Print the data once more, exactly as given. Drop the pictures.

----- Stored data

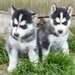 Chiots husky de Sib&#233;rie disponibles pour adoption - photo 1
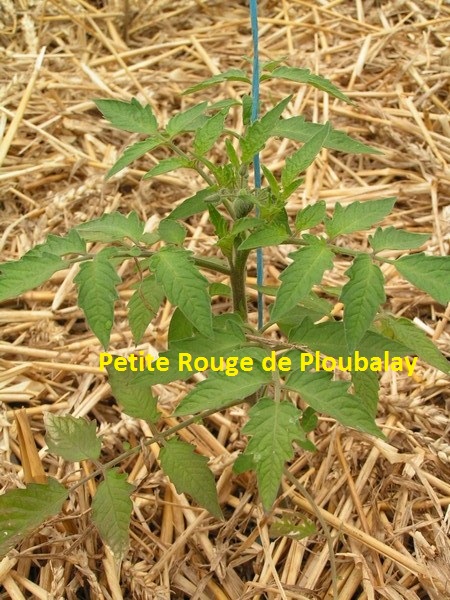 Petite Rouge de Ploubalay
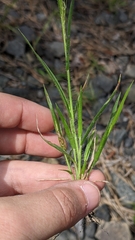 Panicum philadelphicum philadelphicum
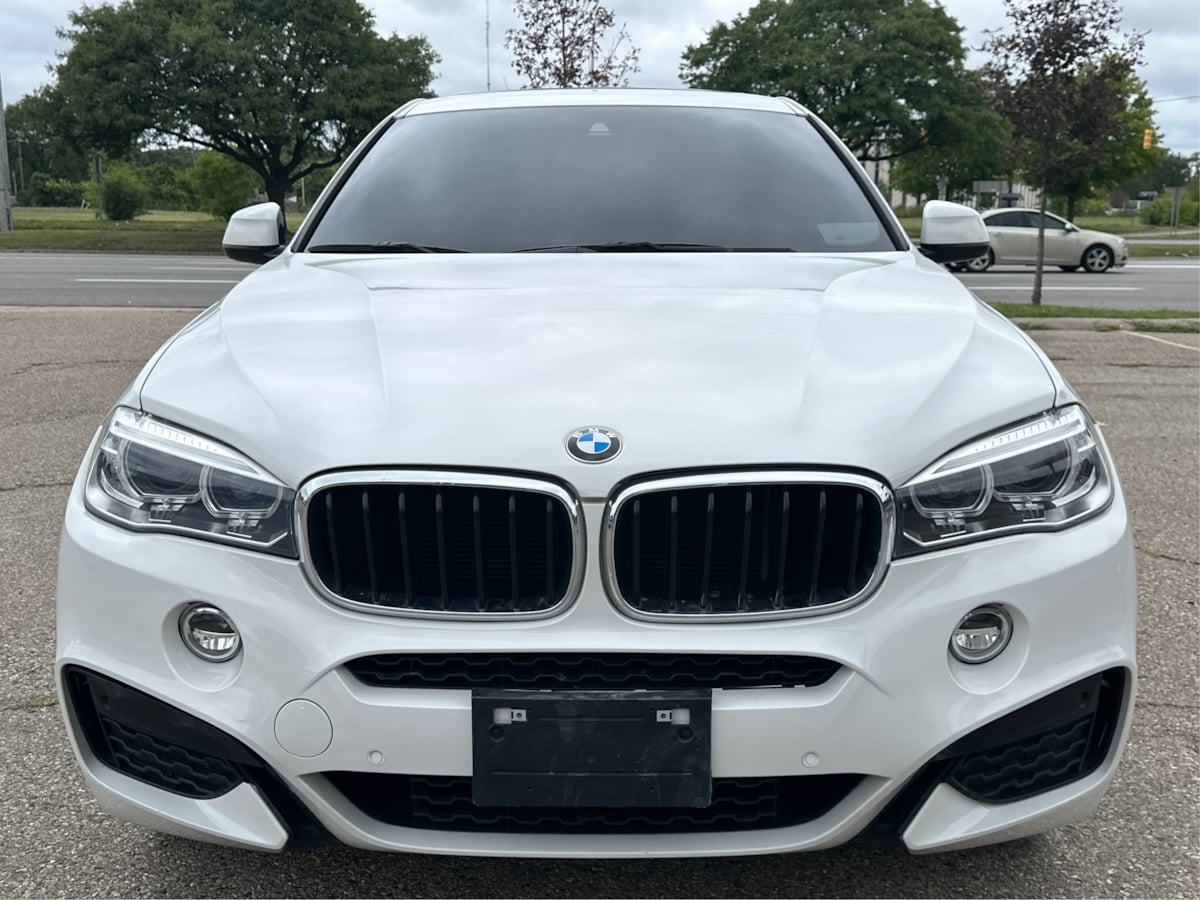 2019 Bmw X6 xDrive35i M photo 15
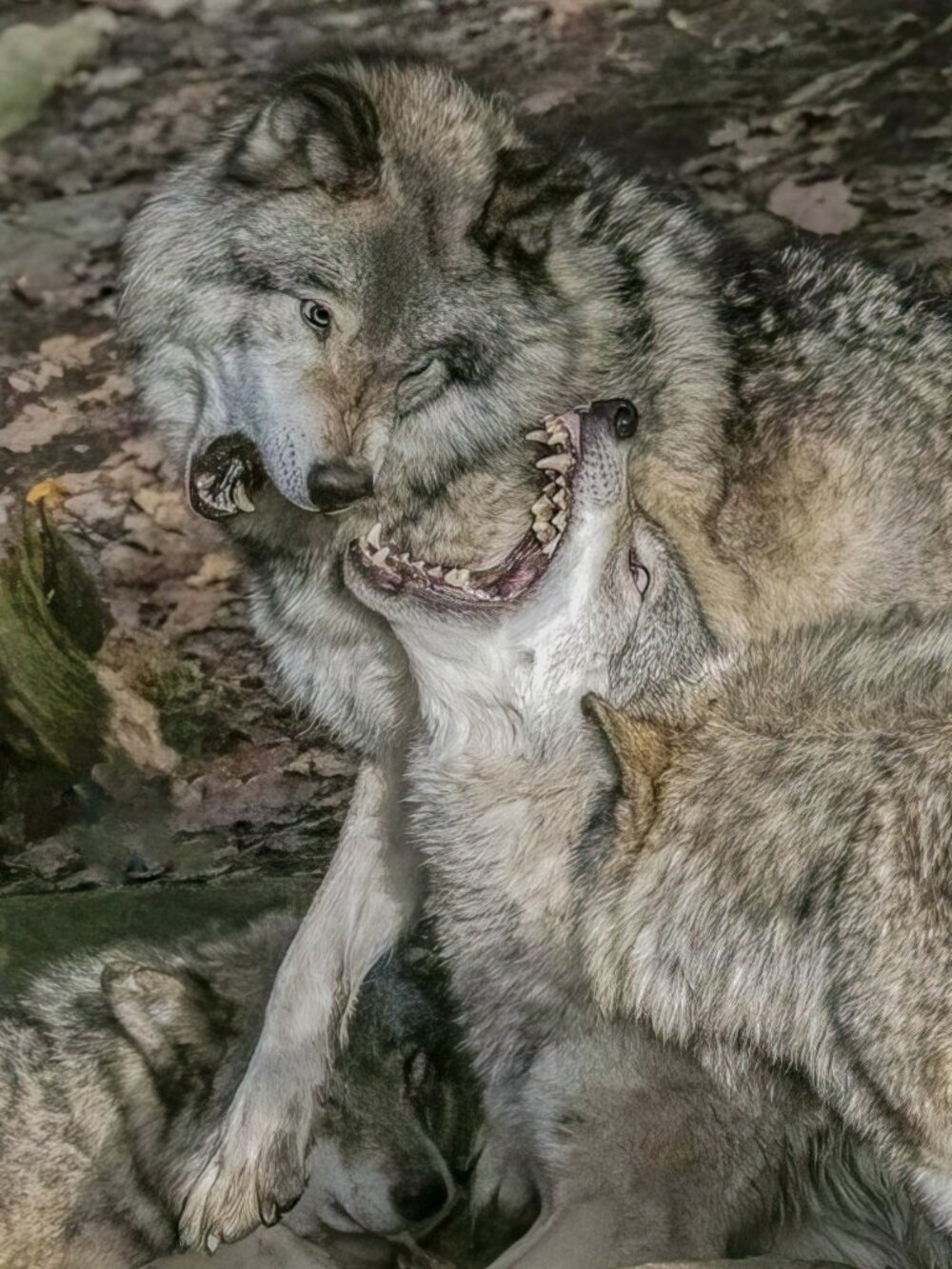 CANVAS photo on canvas 8"x12" wolves playing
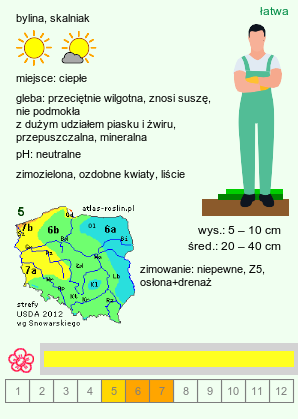 wymagania uprawowe Delosperma congestum (słonecznica zwarta)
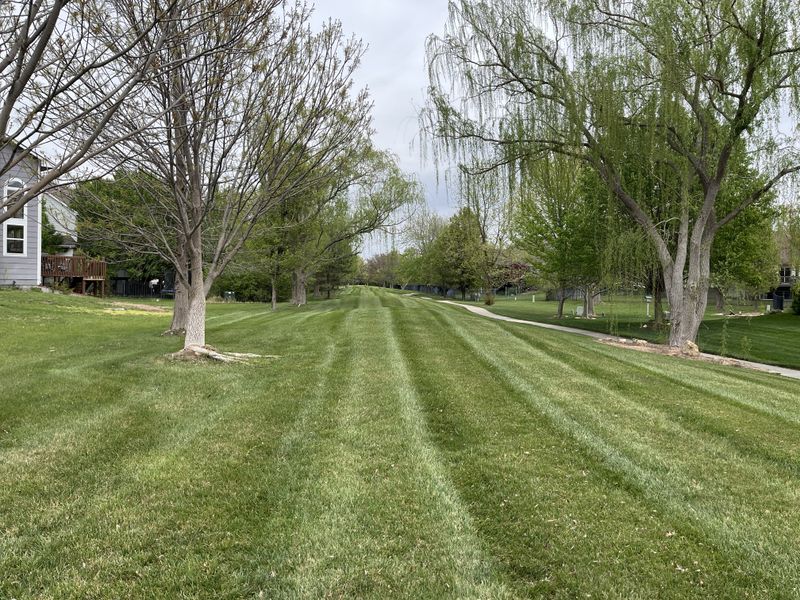 HOA Landscape Management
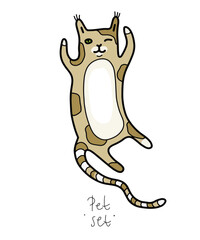Color clip art of a pet on a white or transparent background. From a vector large set. Hare, hamster, cat, dog, mouse, raccoon, fox, kittens, toys, parrot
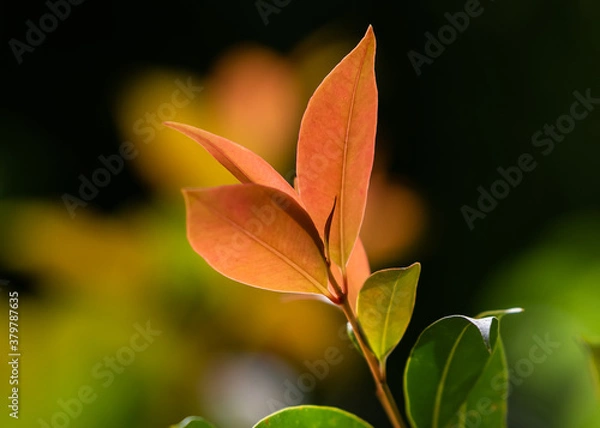 Obraz autumn colours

----------

* **Answer for this exercise**:
 Chiots husky de Sib&#233;rie disponibles pour adoption - photo 1
 Petite Rouge de Ploubalay
 Panicum philadelphicum philadelphicum
 2019 Bmw X6 xDrive35i M photo 15
 CANVAS photo on canvas 8"x12" wolves playing
 wymagania uprawowe Delosperma congestum (słonecznica zwarta)
 HOA Landscape Management
Color clip art of a pet on a white or transparent background. From a vector large set. Hare, hamster, cat, dog, mouse, raccoon, fox, kittens, toys, parrot
 Obraz autumn colours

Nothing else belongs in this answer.